Print the listing below only from the line that has "PetRepublic Fine Meat" through the line that has "Cabin by the Lake in Autumn", exactly, and drop any picture.
[Data for this task — start]
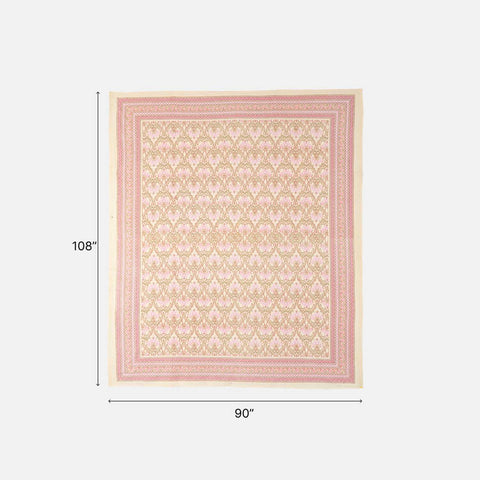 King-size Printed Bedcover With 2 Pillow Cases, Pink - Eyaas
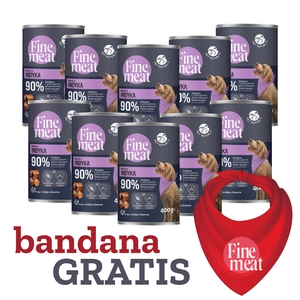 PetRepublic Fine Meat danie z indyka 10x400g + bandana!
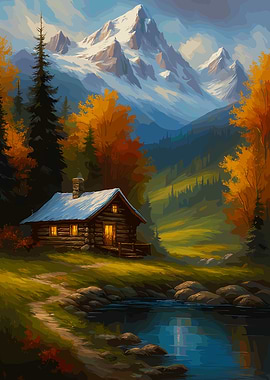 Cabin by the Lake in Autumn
[Data for this task — finish]
[Data for this task — start]
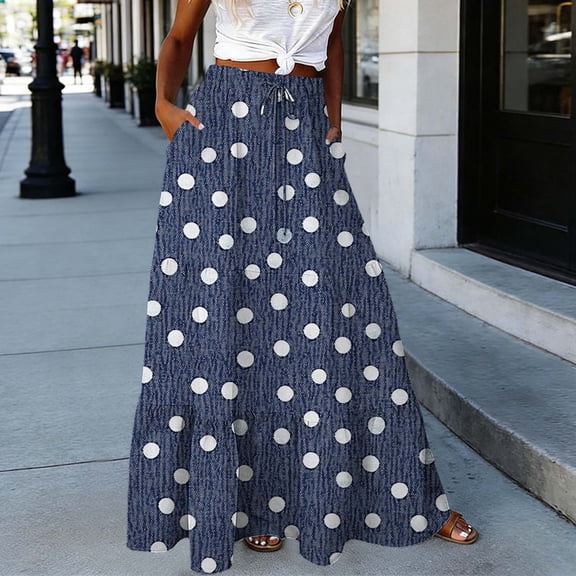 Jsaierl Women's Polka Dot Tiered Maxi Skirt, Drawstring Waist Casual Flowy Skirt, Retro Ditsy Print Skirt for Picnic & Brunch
[Data for this task — finish]
### [Result of the exercise]
 PetRepublic Fine Meat danie z indyka 10x400g + bandana!
 Cabin by the Lake in Autumn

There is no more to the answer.